The Fork in the Road

The Senate report on the Canadian media was released this week, with the recommendation that CBC-TV become a truly commercial-free broadcaster. The report also recommended that the CBC greatly reduce its coverage of hockey (including Hockey Night in Canada), other professional sports, and the Olympics. Stating that the CBC was "in danger of losing its way", the senate report called upon the CBC to fulfill its duty to provide quality commercial-free programming without any reliance on ratings. This, of course, comes directly on the heels of the decision by the public broadcaster to bump back the National, the CBC's flagship news program, one hour on Tuesday nights during the summer, to make way for the showing of an American reality show talent contest.

While this programming decision is particularly repugnant, it does highlight the pressure that CBC television is under to compete in a tight media market. The CBC does seem to be floundering between its mandate to be the nation's public broadcaster and to be financially viable. CBC Radio, which is truly commercial-free, has found its voice and is flourishing in its role as the voice of Canadians. The television arm is being torn in two directions and needs to re-establish its focus on fulfilling its mandate.

In order to do this, of course, it needs drastically increased funding. Severe budget cuts by the federal government over the past decade are responsible for this situation and have forced the CBC to make these kinds of worrisome programming decisions, in order to seek advertising revenue.

The senate report recommends long-term and stable funding increases to the CBC, to allow it to return to its mandate. However, we are more likely to see Canada win the World Cup than we are to see the Harper government agree to this recommendation. Stephen Harper's calls to eliminate public support for the English television network are a matter of public record. Although he has changed his stance on a lot of issues since becoming government leader, I doubt he has changed his mind in regard to this agenda.

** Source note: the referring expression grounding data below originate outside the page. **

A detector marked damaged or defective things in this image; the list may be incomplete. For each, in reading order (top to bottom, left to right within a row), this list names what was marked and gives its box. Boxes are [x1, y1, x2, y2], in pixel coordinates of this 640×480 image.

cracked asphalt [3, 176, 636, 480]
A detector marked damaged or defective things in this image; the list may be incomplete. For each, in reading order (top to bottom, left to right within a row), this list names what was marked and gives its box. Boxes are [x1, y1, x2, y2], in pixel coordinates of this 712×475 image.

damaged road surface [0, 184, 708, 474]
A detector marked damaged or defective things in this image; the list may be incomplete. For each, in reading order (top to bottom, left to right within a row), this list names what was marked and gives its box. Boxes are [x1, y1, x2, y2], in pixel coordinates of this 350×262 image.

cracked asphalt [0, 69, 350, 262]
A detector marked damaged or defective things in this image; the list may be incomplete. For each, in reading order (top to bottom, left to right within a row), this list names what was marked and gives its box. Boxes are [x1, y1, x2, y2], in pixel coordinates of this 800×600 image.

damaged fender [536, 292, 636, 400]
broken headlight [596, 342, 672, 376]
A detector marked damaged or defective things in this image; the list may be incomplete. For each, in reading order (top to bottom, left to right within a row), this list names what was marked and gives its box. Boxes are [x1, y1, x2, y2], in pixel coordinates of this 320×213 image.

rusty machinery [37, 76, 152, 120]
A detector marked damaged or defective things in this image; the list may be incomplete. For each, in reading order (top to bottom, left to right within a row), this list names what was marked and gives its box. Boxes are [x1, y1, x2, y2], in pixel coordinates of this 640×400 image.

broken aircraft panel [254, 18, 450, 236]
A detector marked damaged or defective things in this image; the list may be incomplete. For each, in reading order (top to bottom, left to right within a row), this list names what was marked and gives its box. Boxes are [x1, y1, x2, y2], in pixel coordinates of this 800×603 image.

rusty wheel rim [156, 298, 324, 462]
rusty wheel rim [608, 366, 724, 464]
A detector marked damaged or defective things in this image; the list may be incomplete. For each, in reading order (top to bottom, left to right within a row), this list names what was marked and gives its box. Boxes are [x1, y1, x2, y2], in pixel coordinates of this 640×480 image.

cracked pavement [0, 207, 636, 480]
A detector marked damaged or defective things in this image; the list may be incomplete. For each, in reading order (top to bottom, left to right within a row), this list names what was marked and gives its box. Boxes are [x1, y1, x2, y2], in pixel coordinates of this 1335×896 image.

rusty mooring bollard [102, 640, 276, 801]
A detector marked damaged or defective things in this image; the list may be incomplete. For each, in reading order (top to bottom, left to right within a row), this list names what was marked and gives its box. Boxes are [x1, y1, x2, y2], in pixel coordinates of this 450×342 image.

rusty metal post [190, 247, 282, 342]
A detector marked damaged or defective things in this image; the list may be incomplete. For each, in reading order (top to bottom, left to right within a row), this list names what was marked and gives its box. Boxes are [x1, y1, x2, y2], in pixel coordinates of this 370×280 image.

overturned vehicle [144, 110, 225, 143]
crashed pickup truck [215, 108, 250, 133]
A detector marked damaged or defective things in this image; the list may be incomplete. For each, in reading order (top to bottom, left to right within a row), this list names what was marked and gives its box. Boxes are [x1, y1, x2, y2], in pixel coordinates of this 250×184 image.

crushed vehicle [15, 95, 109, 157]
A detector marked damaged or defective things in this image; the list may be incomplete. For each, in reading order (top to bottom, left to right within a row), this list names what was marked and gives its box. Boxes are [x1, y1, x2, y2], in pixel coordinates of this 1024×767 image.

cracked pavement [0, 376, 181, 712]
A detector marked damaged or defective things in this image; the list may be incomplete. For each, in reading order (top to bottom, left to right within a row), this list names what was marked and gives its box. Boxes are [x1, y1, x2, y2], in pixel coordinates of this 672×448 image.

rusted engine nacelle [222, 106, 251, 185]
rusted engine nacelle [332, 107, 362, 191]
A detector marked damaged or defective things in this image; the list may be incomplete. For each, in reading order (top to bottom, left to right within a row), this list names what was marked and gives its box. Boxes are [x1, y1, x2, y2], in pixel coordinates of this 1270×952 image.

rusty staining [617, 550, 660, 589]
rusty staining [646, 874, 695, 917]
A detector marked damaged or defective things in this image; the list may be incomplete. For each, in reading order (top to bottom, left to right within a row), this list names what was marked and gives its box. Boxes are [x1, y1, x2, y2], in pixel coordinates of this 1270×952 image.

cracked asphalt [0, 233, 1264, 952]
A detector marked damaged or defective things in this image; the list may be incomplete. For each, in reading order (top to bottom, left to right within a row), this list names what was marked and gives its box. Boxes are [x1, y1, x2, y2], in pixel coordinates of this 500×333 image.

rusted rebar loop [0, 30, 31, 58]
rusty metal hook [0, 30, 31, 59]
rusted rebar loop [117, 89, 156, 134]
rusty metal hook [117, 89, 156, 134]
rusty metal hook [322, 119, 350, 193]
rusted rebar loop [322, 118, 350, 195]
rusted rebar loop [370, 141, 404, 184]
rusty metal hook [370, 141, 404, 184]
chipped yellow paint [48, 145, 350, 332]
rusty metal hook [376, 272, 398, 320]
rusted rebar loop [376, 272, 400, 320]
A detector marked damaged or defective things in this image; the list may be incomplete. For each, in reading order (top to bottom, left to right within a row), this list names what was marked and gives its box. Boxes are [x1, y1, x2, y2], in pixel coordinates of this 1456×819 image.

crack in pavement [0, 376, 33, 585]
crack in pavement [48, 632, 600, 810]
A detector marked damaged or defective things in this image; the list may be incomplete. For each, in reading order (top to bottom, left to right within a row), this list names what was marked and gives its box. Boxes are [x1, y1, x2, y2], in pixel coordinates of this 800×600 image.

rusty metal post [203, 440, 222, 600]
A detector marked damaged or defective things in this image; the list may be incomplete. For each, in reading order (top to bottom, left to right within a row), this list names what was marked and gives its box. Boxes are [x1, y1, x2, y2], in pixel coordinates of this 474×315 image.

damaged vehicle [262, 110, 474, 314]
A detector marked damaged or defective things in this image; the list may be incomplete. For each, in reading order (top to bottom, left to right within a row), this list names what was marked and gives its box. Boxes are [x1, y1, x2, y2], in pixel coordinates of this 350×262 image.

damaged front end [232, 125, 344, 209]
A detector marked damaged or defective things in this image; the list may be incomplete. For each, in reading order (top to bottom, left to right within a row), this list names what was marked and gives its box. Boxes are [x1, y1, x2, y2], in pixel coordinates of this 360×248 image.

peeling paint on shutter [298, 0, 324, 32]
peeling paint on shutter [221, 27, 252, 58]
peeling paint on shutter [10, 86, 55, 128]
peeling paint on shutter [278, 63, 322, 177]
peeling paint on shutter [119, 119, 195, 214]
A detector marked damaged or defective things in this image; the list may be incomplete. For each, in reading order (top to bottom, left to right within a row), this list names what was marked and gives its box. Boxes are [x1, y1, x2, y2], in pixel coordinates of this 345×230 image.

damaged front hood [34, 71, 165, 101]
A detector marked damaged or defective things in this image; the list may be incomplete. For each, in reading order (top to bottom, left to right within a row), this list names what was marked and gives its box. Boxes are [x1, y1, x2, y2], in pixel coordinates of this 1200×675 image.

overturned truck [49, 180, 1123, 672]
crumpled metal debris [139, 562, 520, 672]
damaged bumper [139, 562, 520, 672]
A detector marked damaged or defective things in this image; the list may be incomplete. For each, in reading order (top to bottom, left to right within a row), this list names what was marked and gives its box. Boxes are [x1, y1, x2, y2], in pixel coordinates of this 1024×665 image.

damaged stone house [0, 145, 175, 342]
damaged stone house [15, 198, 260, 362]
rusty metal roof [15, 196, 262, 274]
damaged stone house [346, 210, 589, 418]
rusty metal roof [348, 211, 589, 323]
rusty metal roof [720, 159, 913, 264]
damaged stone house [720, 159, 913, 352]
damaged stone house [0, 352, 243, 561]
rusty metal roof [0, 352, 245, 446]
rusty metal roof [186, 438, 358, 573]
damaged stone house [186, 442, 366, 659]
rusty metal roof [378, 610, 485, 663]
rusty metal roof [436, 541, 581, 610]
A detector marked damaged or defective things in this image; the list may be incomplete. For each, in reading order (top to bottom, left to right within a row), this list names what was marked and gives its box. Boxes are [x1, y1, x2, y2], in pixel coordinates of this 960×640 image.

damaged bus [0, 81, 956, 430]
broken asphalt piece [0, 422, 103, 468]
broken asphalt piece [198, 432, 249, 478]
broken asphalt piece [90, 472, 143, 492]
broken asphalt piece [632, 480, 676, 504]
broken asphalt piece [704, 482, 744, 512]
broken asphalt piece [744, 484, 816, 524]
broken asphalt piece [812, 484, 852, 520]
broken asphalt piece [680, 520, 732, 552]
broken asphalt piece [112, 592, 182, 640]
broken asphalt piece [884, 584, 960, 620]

And now, of course, the Hour is making the move to the main network, in addition to being aired on CBC Newsworld. Newsworld is, and always has been, commercially supported, and I would hazard a guess that The Hour is one of its top revenue draws. What does this mean, in light of the new senate report? Will the addition of The Hour to the main network help increase revenue for the financially-strapped CBC? What will it mean for programs like The Hour, if the senate recommendations are adopted (which they almost certainly will not be, but just for the sake of argument)? How do you feel about the call to drop financially successful sports programs like Hockey Night in Canada and the Olympics? Where is the CBC going to go from here?

Barbara B.

18 comments:

Barbara said...

What is more Canadian than Hockey Night In Canada? That is a big part of Canadian culture. So is watching the Olympics as a Nation. No?
I want to see more good Canadian television content on CBC but at what price? Shows as good as The Hour if that is possible... in fact I have this great idea for a sci-fi comedy set in Toronto...
Just kidding.

Allison said...

Barbara, great post! I think it will be really interesting to see this story play itself out.
On the Olympic front, I remember reading a couple of years ago when they made the decision to swtich the broadcasting rights over to CTV, and being really upset, because watching the Olympics on CBC is like an institution, but its basically because CTV was the highest bidder (if I remember correctly), plus its good to the stations rotating broadcasting rights.

Monica said...

Wow, that would SUCK if they didn't show as much hockey on satuday nights. A part of every saturday night during hockey season is to turn on CBC and see Ron and Don there and watching one of the Canadian hockey teams.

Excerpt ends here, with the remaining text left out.